Simon of the Desert (Buñuel. 1965)

"I'm beginning to realize I don't realize what I'm saying..."


It was obvious before watching Luis Buñuel's Simon of the Desert that the greatest director of the surrealist movement loathed the Catholic church. I have yet to see a film by Buñuel that does not use iconoclastic visuals and unorthodox dialogue against the church. In that respect, Simon is no different. What is particularly interesting about this 45 minute masterpiece is the sharp contrast between the followers of religion and the religion itself - almost as if  Buñuel was using this work as a type of pamphlet on what he viewed as dangerous in religion.

Simon is played stoically by Claudio Brook and is very loosely based on the Syrian 5th-century saint Simeon Stylites. He has stood for an astounding 6 years, 6 months, and 6 days atop a giant pillar in an attempt to show his loyalty to the Lord. This is the type of self-punishment that Buñuel believed belittled the loving message of Christ.

In an early scene - the ascetic Simon finally descends from his pillar - only to climb his ladder to the top of a higher pillar that has been gifted to him by local priests. Is Simon now standing closer to the heavens? Looking down on those less committed to the Lord? Or is this extreme isolation from the people on the ground an allusion to how Christians view the love message in comparison to the suffering of Jesus? 

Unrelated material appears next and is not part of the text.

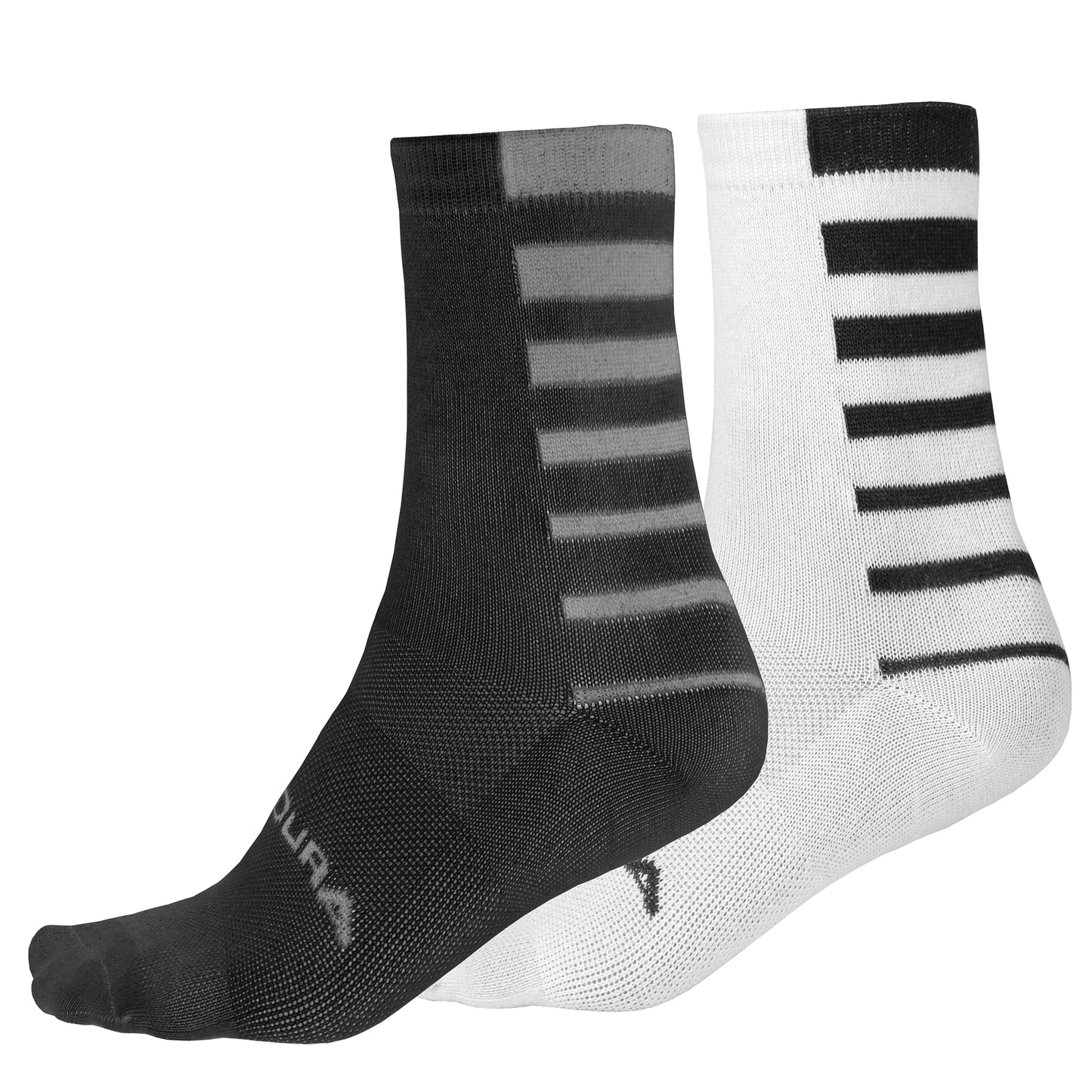 ENDURA COOLMAX STRIPE 2 páry ponožek Black/White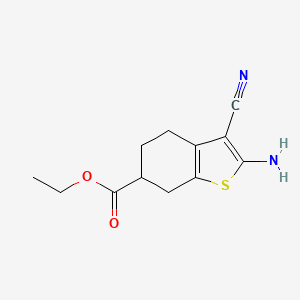 molecular formula C12H14N2O2S B7969423 Ethyl 2-amino-3-cyano-4,5,6,7-tetrahydro-1-benzothiophene-6-carboxylate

Buñuel was not necessarily anti-God, but rather anti-hypocrite. He detested the masses of people who identified as Christians, yet focused on all of the wrong aspects of the Message. Today - we call them social conservatives. These are people who have inflated the suffering of Christ to an almost masturbatory level of importance. They follow Christ by not only stifling themselves, but also by stifling the rest of the world. Would Jesus want His followers to painstakingly estrange themselves from society to prove their loyalty, or would He rather His people fill the world with love?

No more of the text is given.